Because that can be covered up, or portrayed as provoked by the Na’vi; you can’t plausibly claim that hunter gatherers forced you to use orbital bombardment. And because they were specifically forbidden from doing so, and don’t want to spend life in prison upon returning to Earth.

When was this stated? I have seen Avatar but only once.

Again, when was this stated?

I recommend reading Bury My Heart At Wounded Knee. It tells how the American government took the land of the Indians. All kinds of horrible things were done- to other human beings and over the protests of many Americans.

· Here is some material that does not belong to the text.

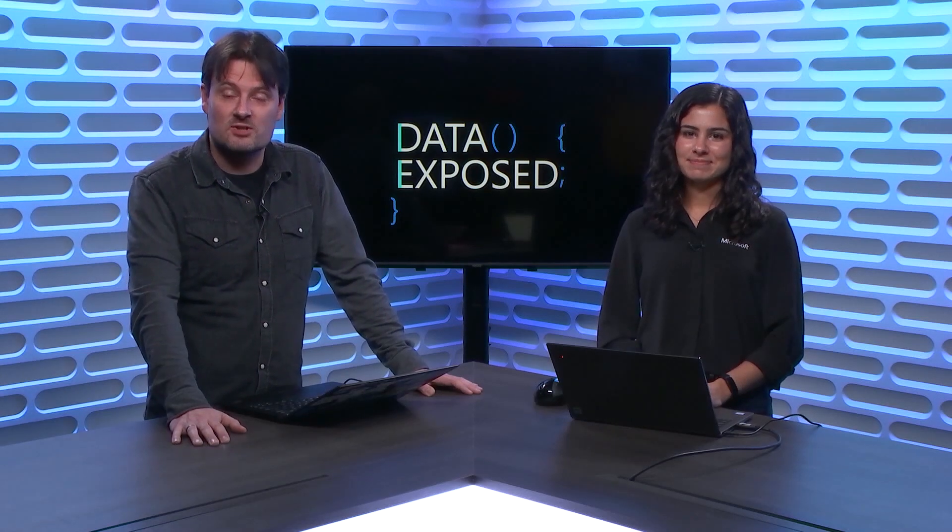Azure SQL provides several connection policy settings that may have a positive impact on the performance of your application. Now, Anna is here to tell us how and when to use this and how to set it up, today on Data Exposed.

All this for land and occasionally gold.

Given that unobtainium is considerably more valuable than gold, that the average human has never heard of Pandora, and that the Navi are not human I see humans responding with overwhelming force and taking what they want from Pandora.

Perhaps Pandora has giant beetles that can launch plasma from their rear ends or launch rocks into space to smash orbiting ships.

Really? Was that stated in the movie? Must have missed it.

Yeah, sure, like anybody would ever make a movie showing that. :wink:

Christ, the orbital bombardment crap again? Really?

Aside from the fact that as presented in the movie, orbital bombardment is not an option because the Earth needs Pandora’s biosphere info to repair Earth’s biosphere (hence, why the biologists were there, at all). And it’s entirely possible that the biosphere creates the stuff in the first place - they certainly don’t know what else could do so.

But, they’re mining a low-temperature superconductor. With deposits just underground or floating around in air. Turning the entire planet into a firestorm that’ll heat up the low-temperature superconductor?

It’s a high-temperature superconductor, meaning it still works at room temperature. Low-temperature superconductors are easy.

And it’s certainly plausible that the stuff might break down at high temperatures, but they didn’t really worry about that in the attack they did make. They could just use all the same weapons they used anyway, but from orbit.